Oil rig decommissioning regulation fails to produce great surge in marine work

Jun 15, 2012 04:56 PM
An ROV on the lift boat.

Photo courtesy Montco Offshore

An ROV on the lift boat.

A 2010 federal regulation that requires oil and gas companies to plug nearly 3,500 non-producing wells and dismantle about 650 unused production platforms in the Gulf of Mexico has not created the anticipated boom for maritime companies that specialize in this work.

“People thought it was going to be a gold rush, but there are too many barges and too many players doing it,” said Tommy Gibilterra, vice president of operations for Bisso Marine, based in Houston.

A lot of people thought there would be a spike in the market, according to Joseph Orgeron, chief technology officer for Montco Offshore Inc., based in Galliano, La. “But no, it didn’t happen.”

On Sept. 15, 2010, U.S. Secretary of the Interior Ken Salazar announced that wells, platforms or pipelines that are no longer producing or serving exploration or support functions connected with a company’s lease — are to be decommissioned.
 

Montco Offshore currently gets about two-thirds of its work from decommissionings. Its newest lift boat, Robert, above, underwent sea trials in February. The company expects to hire about 20 people to work as crew.

Photo courtesy Montco Offshore

Oil wells must be plugged and platform structures dismantled within one year after the lease expires, according to the federal regulation, which took effect on Oct. 15, 2010. If any well can no longer be used for operations and cannot produce oil, gas or sulfur in paying quantities, that well must be permanently plugged or temporarily abandoned within three years from Oct. 15, 2010, or within three years of no longer being useful for operations, whichever date is later.

The decommissioning process is very complicated and includes several phases, including obtaining federal permits, creating engineering plans, preparing the platform, well plugging and abandonment (called P&A work), platform removal, materials removal, pipeline and power cable decommissioning and site clearance.

Specialized companies do the plug-and-abandonment phase of decommissioning. Lift boats are sometimes used in this process.

“We do the platform work, and also some pipeline abandonment,” said Gibilterra, “but we don’t do the P&A work on the well itself.”

The federal order has produced steady work, but the platform dismantling in many cases just replaced work that disappeared because of the recession. “It has definitely helped us,” Gibilterra said. “It is work, and we are glad to have it. But it is not an increase in work by any stretch of the imagination.”

Between October 2010 and September 2011, about 721 wells on the idle iron list were temporarily or permanently abandoned, according to Eileen P. Angelico, spokeswoman for the federal Bureau of Safety and Environmental Enforcement, which regulates offshore oil wells.

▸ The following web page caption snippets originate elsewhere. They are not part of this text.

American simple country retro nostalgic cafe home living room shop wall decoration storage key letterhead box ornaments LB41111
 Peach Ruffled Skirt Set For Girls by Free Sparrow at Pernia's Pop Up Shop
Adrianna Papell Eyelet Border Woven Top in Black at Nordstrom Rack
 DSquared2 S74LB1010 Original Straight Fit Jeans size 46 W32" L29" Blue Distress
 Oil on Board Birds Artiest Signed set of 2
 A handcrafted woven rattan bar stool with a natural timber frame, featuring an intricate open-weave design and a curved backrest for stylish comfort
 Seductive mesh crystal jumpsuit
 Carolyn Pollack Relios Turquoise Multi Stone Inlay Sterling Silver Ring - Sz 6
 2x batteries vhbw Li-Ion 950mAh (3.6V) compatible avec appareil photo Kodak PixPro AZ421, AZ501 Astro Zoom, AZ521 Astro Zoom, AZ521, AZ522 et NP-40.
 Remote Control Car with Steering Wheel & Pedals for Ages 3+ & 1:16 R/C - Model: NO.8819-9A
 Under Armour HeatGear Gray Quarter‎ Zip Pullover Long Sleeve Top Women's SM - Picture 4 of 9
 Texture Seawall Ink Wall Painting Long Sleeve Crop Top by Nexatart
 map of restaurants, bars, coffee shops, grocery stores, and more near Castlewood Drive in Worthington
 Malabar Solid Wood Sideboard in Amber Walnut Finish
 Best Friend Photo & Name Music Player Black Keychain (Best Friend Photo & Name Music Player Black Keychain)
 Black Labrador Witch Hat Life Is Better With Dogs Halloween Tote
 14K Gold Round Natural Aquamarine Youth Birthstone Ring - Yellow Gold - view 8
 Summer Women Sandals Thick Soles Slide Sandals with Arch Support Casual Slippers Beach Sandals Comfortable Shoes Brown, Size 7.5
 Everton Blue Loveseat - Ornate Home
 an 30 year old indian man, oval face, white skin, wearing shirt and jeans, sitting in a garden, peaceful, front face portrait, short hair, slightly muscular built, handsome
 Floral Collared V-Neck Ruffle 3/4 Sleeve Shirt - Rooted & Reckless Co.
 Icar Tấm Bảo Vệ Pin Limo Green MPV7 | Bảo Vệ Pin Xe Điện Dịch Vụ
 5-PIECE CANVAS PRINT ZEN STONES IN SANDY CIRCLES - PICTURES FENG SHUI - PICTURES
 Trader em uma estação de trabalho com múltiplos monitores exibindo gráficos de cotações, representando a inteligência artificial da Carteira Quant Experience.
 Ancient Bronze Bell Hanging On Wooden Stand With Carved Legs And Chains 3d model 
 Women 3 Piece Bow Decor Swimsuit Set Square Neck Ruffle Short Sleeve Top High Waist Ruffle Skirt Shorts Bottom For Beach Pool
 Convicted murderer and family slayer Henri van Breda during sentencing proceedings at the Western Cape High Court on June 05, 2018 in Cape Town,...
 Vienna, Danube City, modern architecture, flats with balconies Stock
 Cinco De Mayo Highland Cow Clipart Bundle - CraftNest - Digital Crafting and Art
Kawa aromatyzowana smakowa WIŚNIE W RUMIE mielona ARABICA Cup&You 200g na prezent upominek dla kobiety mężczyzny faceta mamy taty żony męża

Nonetheless, Bisso is quite active in this type of work. Gibilterra said Bisso removed 50 platforms in 2011. And the company does have work contracted through the end of 2015. Bisso uses flat-bottom barges, derrick barges, crane barges, lift boats, revolving deck barges and stiff-leg barges for the platform work.

Montco Offshore has seen a rise of about 10 percent in this type of work, which now accounts for about 65 percent of its business, according to Orgeron. The company provides lift boats for decommissionings.

There were great expectations that more work would come over the short term, said John A. Witte, Jr., executive vice president at Donjon Marine, based in Hillside, N.J. “Like everyone else, we are sitting and waiting for that to come to pass,” he said. “It’s work that continues to come out on a piecemeal basis.”

Donjon does leg and platform removal, as well as lifting components off the seafloor, he said. The company uses deck barges, tugboats, support craft and barges to carry and remove platforms and components to shore for disposal.

The recession and a slower than expected pace in well decommissioning has meant that the number of jobs for mariners in this sector has not significantly increased. According to Gibilterra, many qualified workers had been employed in new construction or hurricane repairs when the recession hit. “They just kind of rolled over to do this work,” he said.

However, companies that invest in new boats or barges are hiring. In February, Montco was putting its latest lift boat, Robert, through sea trails. Orgeron said it will be the largest lift boat in the gulf.

The company is hiring for this boat, Orgeron said. Because the technology is much more complex, the company will be hiring licensed engineers at salaries approaching those of captains, he said. Montco will also need heavy lift managers, heavy lift riggers and welders. The company will likely hire an additional 20 people for this new lift boat.